▶ Supplied information
□ □ □ □ □

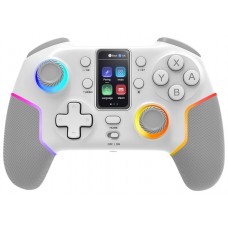 GAMEPAD WIRELESS MGP-V3 BLANCO MARS GAMING (Espera 4 dias)-SX8 GAMEPAD WIRELESS MGP-V3 BLANCO MARS GAMING (Espera 4 dias)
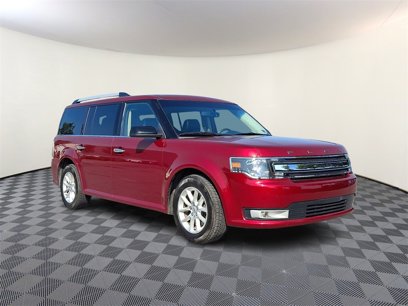 Used 2019 Ford Flex SEL w/ Equipment Group 202A
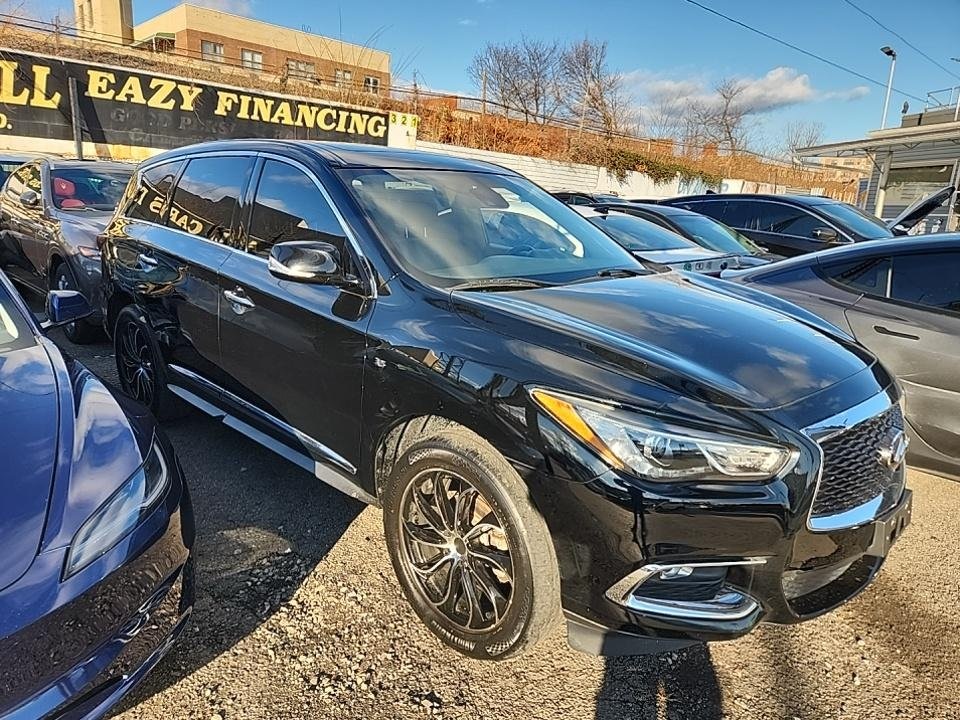 2020 INFINITI QX60 Pure AWD
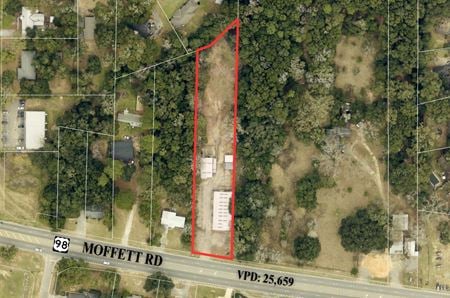 Retail space for Sale at 7010 Moffett Rd in Mobile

□ □ □ □ □

▶ Task item
Write out, with no pictures, only the lines from the line containing "2020 INFINITI QX60 Pure AWD" through the last line of the listing above, exactly and with both ends included.

▶ Written answer
 2020 INFINITI QX60 Pure AWD
 Retail space for Sale at 7010 Moffett Rd in Mobile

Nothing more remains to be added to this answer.